The population of the U.S. was about 324 million as of Jan. 1, 2017, according to the U.S. Census Bureau, which means the Equifax incident affects a huge portion of the United States.

Equifax said it discovered the breach on July 29. “Criminals exploited a U.S. website application vulnerability to gain access to certain files,” the company said.

Shares of Equifax fell more than 5 percent during after-hours trading.

Equifax said exposed data includes names, birth dates, Social Security numbers, addresses and some driver’s license numbers, all of which the company aims to protect for its customers.

The company added that 209,000 U.S. credit card numbers were obtained, in addition to “certain dispute documents with personal identifying information for approximately 182,000 U.S. consumers.”

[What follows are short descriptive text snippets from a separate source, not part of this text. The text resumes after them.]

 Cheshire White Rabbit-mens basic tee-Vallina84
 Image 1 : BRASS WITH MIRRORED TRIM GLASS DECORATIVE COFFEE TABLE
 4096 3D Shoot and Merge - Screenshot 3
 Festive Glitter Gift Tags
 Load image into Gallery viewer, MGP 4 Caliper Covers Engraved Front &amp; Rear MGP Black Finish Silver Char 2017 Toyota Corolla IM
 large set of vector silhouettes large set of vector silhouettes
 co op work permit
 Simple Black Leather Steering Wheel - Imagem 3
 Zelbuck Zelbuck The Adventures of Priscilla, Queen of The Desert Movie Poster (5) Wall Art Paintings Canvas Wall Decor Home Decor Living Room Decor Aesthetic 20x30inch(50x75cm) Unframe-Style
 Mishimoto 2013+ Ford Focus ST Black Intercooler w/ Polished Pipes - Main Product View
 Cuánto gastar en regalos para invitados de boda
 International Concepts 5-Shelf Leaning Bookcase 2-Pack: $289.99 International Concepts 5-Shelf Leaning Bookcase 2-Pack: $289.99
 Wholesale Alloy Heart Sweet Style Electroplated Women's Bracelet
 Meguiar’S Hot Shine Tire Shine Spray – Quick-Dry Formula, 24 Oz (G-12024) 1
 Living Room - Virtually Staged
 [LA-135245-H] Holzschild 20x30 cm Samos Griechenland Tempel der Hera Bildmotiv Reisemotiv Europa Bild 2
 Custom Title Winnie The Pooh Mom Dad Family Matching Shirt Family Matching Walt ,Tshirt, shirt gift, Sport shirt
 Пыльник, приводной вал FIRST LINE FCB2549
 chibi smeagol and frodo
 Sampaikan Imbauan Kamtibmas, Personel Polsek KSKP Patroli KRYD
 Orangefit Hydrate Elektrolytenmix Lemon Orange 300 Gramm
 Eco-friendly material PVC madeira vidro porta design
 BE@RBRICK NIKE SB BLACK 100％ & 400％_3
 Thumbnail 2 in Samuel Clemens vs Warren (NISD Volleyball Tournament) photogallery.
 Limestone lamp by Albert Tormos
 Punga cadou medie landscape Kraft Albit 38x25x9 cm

“This is a security risk for any and every website that anyone uses,” Christopher O’Rourke, CEO and founder of cyber-security firm Soteria told CNBC. “Most often, security questions to access those websites use that data, like a previous address, so this becomes an open-source intelligence nightmare, worse in many ways than the Office of Professional Management government breach. It’s nasty. If I can get my hands on that information I can call a bank. They’re going to ask me for your social, address, the information that was leaked here, to get access.”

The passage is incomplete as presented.